The rainbow signifies unity from diversity. It is holistic. The arch suggests the idea of looking at the over-arching concepts: the big picture. To create a rainbow requires air, fire (the sun) and water (raindrops) and us to see it from the earth.
Juice suggests an extract; hence rainbow juice is extracting the elements from the rainbow, translating them and making them accessible to us. Juice also refreshes us and here it symbolises our nutritional quest for understanding, compassion and enlightenment.

Wednesday 28 January 2015

Watching the Clock

Watching the clock is an old idiom that means that we want something to finish so that we can get on with the rest of our lives.  Usually, what it is that we want to finish is boring, laborious or something we consider to be unfulfilling.

Last week the Bulletin of Atomic Scientists set the minute hand on it’s Doomsday Clock to 3 minutes before 12 midnight.  If we were watching the clock then the tediousness, laborious action that we are involved in hasn’t got long to go.  Just three minutes – not long is it?

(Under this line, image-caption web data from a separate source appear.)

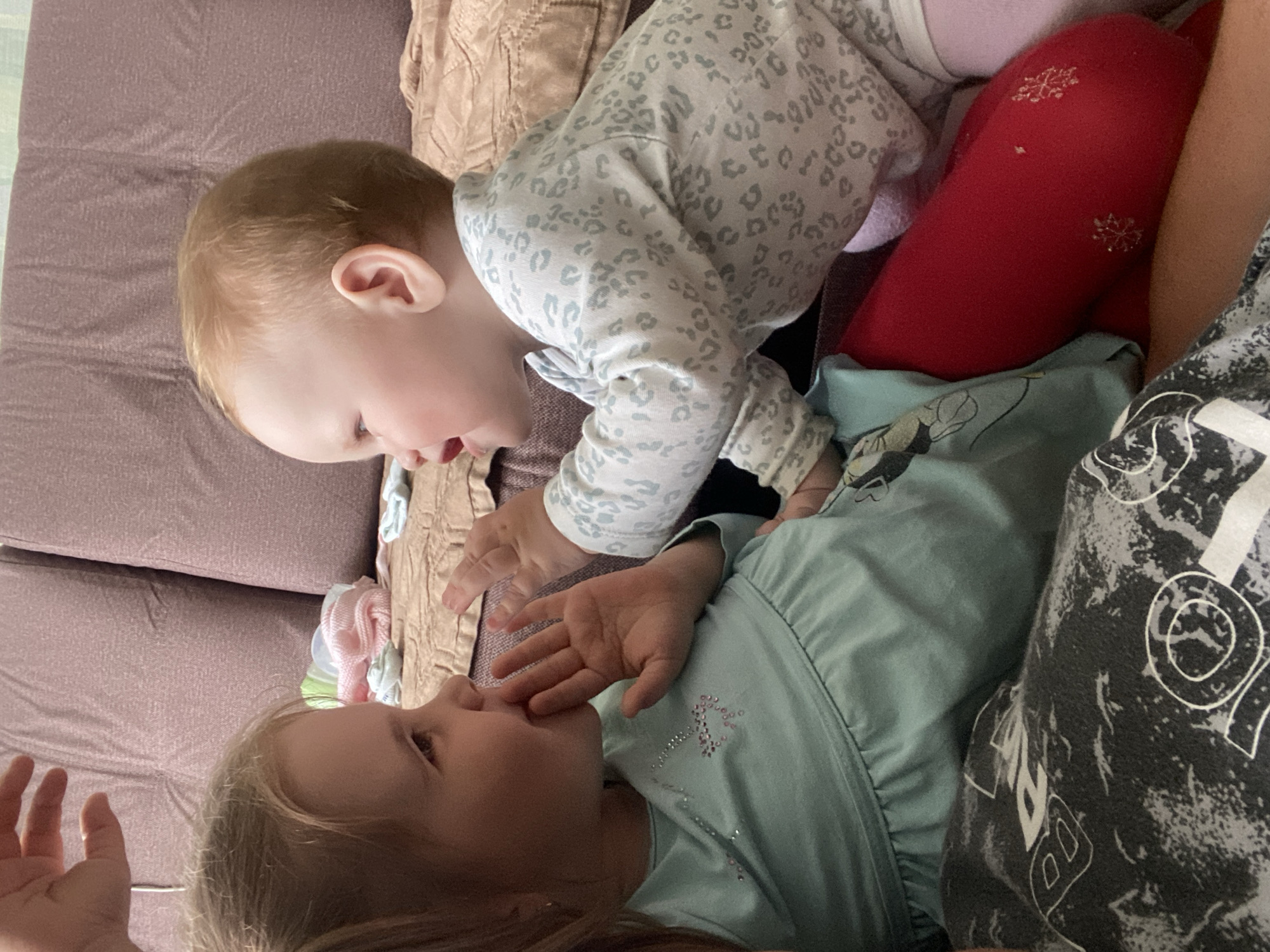 This indoor photograph, taken in Фоки, Russia, features two young children interacting on a brown or mauve upholstered sofa.
The upper child, a baby or young toddler with light blonde hair, is positioned leaning over the other child, looking down with an inquisitive expression. They are dressed in a white long-sleeved top with a light grey leopard print pattern and bright red leggings decorated with small, shiny silver snowflake designs.
Below, a slightly older toddler with blonde hair lies on their back, looking up towards the first child. This child wears a light blue long-sleeved top adorned with pink sparkly details, which appear to be an abstract design or perhaps a stylized butterfly. Their hand is raised near their mouth, possibly a gesture of curiosity or comfort.
The children appear to be engaged in a tender moment of interaction or play. A patterned fabric, likely belonging to an adult present, is partially visible on the right, featuring abstract white shapes and outlines against a grey and black background. Some shapes resemble parts of letters (e.g., "O", "D", "B", "R", "2"), though no complete words are legible. The setting is a comfortable home environment, with indirect lighting suggesting daytime. The overall impression is one of gentle affection and curiosity between the two youngsters.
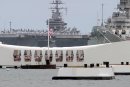 Sailors aboard the Nimitz-class aircraft carrier USS John C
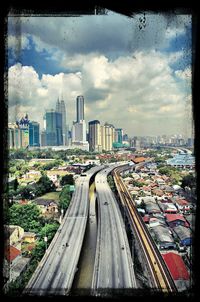 View of cityscape against cloudy sky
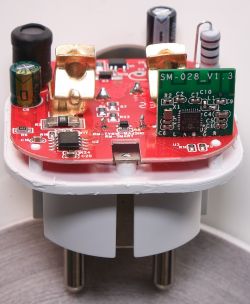 Close-up of a red PCB smart plug labeled SM-028_V1.3 with attached electronic components.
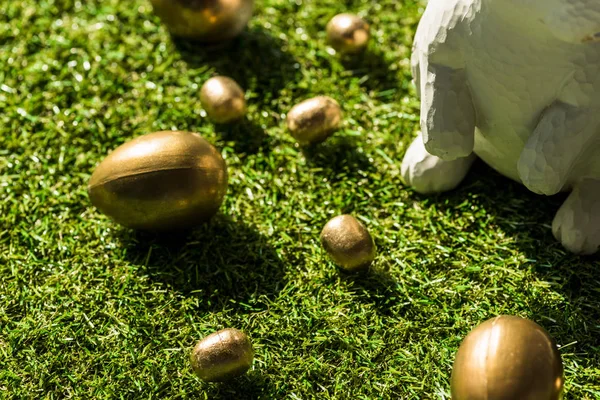 Glänzende Ostereier und dekorativer Hase auf grünem Gras — Stockfoto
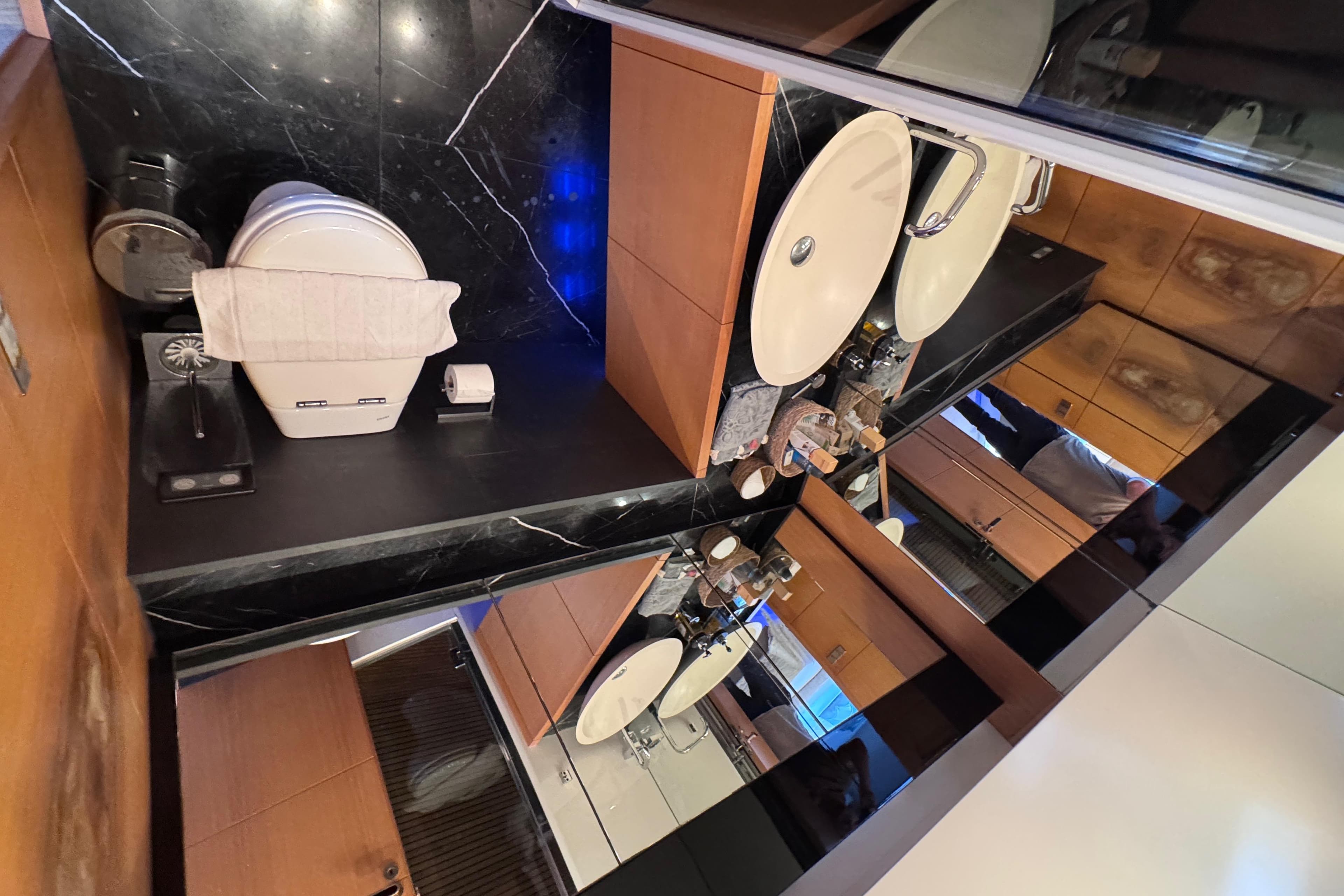 Luxurious bathroom interior on a 2010 Canados 90 yacht, featuring elegant fixtures and modern design.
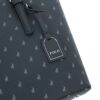 Close-up of the POLO luggage tag and signature Iconic monogram pattern on the POLO Medium Tote Bag.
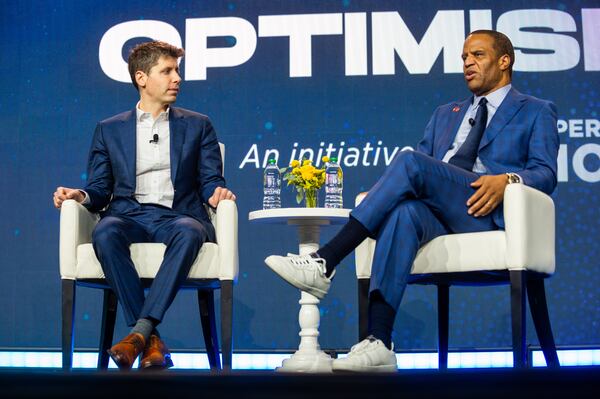 231211 ATLANTA, GA — From left, OpenAI CEO Sam Altman and founder and CEO of Operation HOPE John Hope Bryant speak at the HOPE Global Forums at the Hyatt Regency in downtown Atlanta on Monday, Dec. 11, 2023. 
(Bita Honarvar for The Atlanta Journal-Constitution)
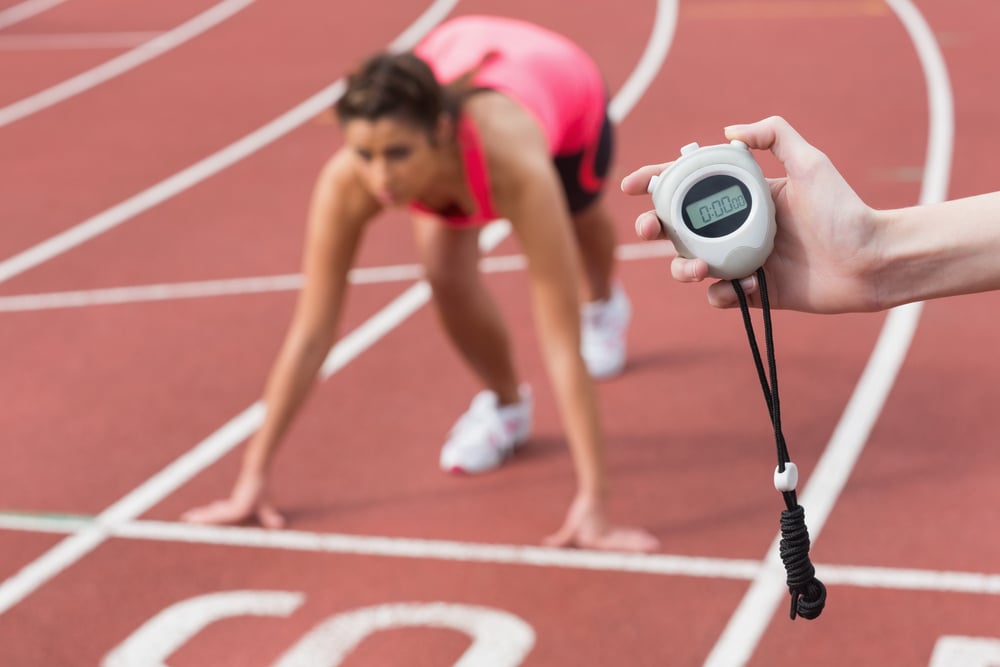 Close-up of a hand timing a blurred young womans run on the running track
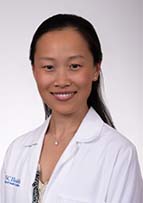 Headshot of a woman with long dark hair wearing a white doctor's coat.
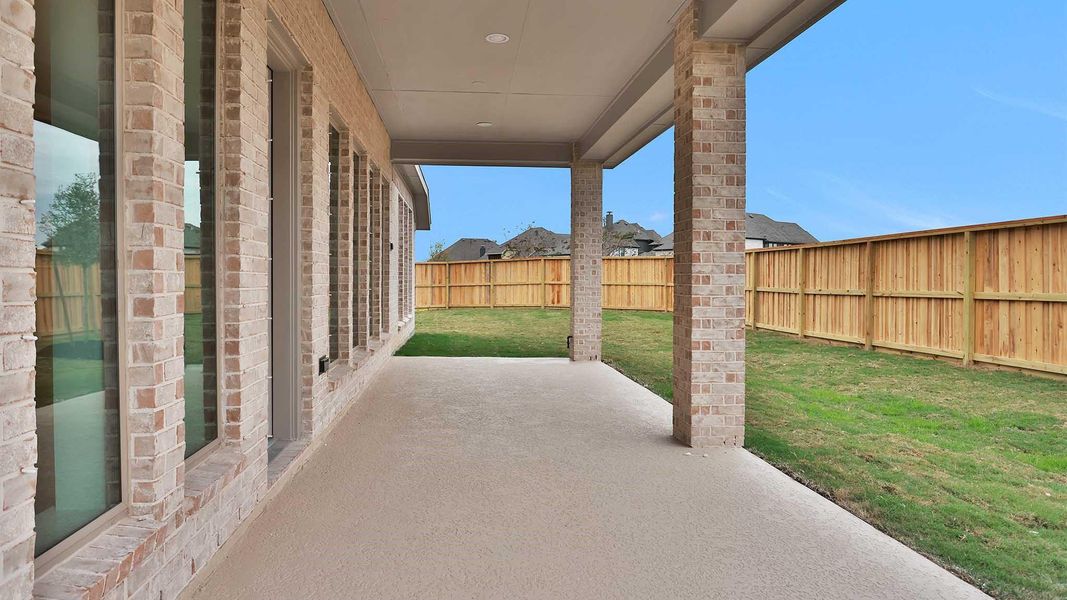 Exterior details and patio area of a home in Meridiana, Manvel (Image 4). Exterior details and patio area of a home in Meridiana, Manvel (Image 4).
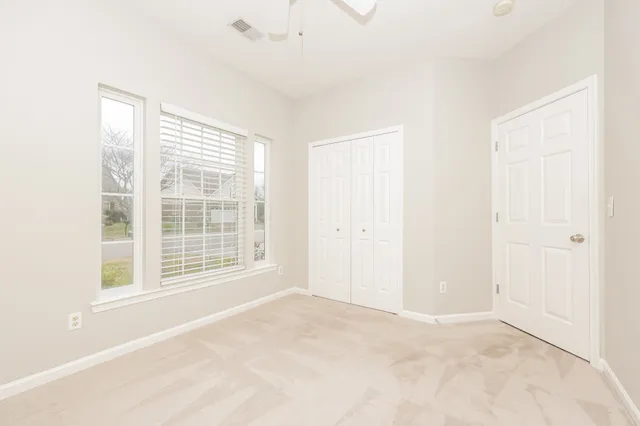 a bathroom with a granite countertop sink a toilet and shower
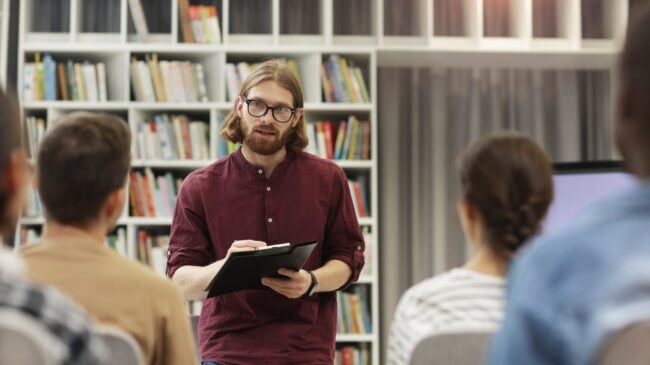 Teacher With Students In The Library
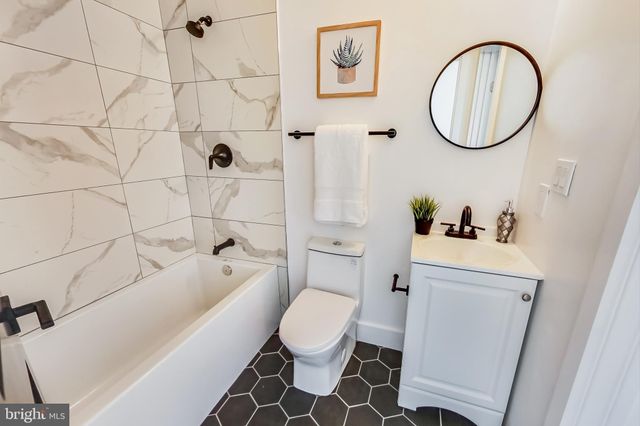 a white toilet sitting next to a bathroom sink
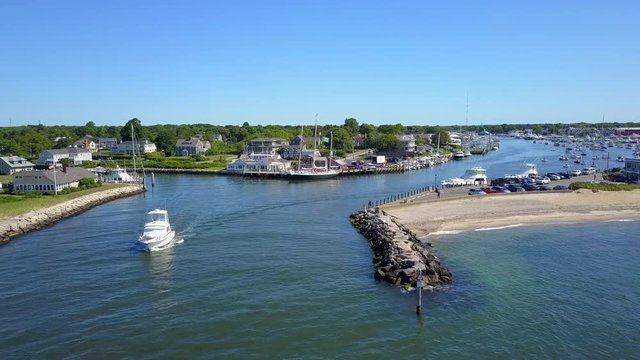 A Large Boat Makes its way out of Falmouth Harbor in Massachusetts on a Beautiful Day, Aerial Approach Shot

But in this case it is three minutes that we do not want to pass by.  The minute hand of the Doomsday Clock represents just how close human society is to self destruction.  Close, very close, according to the Bulletin of Atomic Scientists.

Every year since 1947 the Science and Security Board of the Bulletin of Atomic Scientists has met to analyse international threats.  Initially it was the threat of nuclear warfare and annihilation that they focussed on, and in 1947 (just one and half years after the dropping of the atomic bombs on Hiroshima and Nagasaki) the Clock was set at seven minutes to midnight.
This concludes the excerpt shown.